This article describes 25 common iptables usages. If you do not know iptables, you can refer to the previous iptables detailed tutorial: Basics, architecture, purge rules, append rules, application examples, after reading this article, you can understand the use of iptables and the basic terminology mentioned herein.

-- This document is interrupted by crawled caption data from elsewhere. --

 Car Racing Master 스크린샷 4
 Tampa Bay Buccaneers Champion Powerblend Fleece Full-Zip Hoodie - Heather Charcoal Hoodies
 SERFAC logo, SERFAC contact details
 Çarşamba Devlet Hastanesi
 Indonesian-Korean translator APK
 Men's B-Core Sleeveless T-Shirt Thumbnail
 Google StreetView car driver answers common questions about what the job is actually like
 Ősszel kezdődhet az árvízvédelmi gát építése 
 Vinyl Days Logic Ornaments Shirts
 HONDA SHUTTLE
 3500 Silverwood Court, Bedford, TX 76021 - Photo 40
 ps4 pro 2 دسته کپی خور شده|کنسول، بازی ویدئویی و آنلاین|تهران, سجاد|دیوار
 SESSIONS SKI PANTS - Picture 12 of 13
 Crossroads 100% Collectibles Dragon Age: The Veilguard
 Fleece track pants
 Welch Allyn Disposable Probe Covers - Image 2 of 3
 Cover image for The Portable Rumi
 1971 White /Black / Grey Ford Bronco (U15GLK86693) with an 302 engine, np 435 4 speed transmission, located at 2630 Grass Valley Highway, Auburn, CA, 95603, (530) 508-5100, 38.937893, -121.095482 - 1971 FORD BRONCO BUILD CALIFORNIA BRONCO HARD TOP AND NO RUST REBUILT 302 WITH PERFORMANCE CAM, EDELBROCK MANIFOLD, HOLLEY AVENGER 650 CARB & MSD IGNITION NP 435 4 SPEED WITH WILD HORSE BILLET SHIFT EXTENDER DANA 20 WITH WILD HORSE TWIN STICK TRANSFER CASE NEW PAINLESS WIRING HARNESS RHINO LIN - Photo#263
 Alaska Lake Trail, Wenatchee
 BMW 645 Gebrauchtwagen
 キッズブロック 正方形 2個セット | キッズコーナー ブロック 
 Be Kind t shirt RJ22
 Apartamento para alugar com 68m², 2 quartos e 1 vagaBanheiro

First, iptables: From here
Delete an existing rule
Iptables-f (OR) iptables--flush
Set the default chain policy
There are three kinds of chains in the Iptables filter table: INPUT, Forward, and output. The default chain policy is accept, which you can set to drop.
Iptables-p INPUT DROP
Iptables-p FORWARD DROP
Iptables-p OUTPUT DROP
You need to understand that doing this will block all input and output NIC packets unless you explicitly specify which packets can pass through the network card.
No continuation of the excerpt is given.